The entries that follow include a run beginning at the line with "Covet Fashion: Dress Up Game" and ending at the line with "The queen golden - the, jubilee"; restate that run word for word and leave the rest out.

┌─ TASK DATA

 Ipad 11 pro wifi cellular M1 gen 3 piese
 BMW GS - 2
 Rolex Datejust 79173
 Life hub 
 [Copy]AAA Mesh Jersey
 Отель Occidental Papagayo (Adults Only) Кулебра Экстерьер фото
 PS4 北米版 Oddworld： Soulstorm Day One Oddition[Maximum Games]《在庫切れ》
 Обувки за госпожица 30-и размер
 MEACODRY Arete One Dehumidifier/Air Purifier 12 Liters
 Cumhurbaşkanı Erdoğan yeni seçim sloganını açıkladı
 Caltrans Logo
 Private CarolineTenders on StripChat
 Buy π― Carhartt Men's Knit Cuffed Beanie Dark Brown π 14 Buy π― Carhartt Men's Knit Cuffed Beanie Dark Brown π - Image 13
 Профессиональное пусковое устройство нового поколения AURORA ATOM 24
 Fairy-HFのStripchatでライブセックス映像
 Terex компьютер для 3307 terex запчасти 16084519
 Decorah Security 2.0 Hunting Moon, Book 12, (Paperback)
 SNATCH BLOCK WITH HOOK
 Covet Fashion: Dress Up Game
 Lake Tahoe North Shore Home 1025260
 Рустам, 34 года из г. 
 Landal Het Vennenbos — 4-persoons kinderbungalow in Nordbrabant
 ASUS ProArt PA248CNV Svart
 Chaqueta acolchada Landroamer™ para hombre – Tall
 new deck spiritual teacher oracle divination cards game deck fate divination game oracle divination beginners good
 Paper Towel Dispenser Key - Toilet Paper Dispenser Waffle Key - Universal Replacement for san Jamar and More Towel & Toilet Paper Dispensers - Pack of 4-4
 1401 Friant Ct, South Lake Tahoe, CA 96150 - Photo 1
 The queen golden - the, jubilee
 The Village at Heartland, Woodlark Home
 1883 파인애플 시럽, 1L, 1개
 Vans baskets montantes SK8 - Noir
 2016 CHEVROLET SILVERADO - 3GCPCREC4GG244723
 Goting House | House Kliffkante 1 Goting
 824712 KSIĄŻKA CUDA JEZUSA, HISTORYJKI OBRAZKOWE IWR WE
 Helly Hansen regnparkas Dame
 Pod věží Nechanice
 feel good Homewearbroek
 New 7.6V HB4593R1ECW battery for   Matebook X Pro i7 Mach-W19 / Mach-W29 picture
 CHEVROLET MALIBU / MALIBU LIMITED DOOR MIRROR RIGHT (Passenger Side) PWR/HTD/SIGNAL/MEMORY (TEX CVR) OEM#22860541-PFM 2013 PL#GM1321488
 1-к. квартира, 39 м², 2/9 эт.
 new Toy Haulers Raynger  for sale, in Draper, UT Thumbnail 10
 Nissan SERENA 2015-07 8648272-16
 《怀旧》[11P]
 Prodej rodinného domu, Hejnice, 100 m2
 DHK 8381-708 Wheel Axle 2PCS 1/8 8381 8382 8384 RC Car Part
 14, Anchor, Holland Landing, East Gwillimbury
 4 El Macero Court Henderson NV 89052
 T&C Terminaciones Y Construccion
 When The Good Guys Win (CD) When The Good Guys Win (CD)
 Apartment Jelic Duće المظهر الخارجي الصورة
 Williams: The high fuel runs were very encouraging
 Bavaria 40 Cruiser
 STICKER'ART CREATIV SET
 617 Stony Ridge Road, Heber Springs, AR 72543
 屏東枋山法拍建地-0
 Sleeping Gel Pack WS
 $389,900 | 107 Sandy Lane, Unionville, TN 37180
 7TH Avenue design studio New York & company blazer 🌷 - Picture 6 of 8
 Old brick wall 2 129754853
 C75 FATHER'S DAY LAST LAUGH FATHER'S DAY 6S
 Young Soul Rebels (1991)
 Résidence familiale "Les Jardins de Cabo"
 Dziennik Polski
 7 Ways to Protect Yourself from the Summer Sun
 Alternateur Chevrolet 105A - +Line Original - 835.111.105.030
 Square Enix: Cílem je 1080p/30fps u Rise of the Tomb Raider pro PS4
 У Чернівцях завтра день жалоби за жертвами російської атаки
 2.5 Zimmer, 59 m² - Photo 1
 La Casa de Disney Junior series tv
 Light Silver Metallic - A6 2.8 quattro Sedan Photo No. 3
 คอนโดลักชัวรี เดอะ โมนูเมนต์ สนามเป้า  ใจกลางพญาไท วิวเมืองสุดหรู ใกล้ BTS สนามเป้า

└─

*WRITTEN RESPONSE:*
 Covet Fashion: Dress Up Game
 Lake Tahoe North Shore Home 1025260
 Рустам, 34 года из г. 
 Landal Het Vennenbos — 4-persoons kinderbungalow in Nordbrabant
 ASUS ProArt PA248CNV Svart
 Chaqueta acolchada Landroamer™ para hombre – Tall
 new deck spiritual teacher oracle divination cards game deck fate divination game oracle divination beginners good
 Paper Towel Dispenser Key - Toilet Paper Dispenser Waffle Key - Universal Replacement for san Jamar and More Towel & Toilet Paper Dispensers - Pack of 4-4
 1401 Friant Ct, South Lake Tahoe, CA 96150 - Photo 1
 The queen golden - the, jubilee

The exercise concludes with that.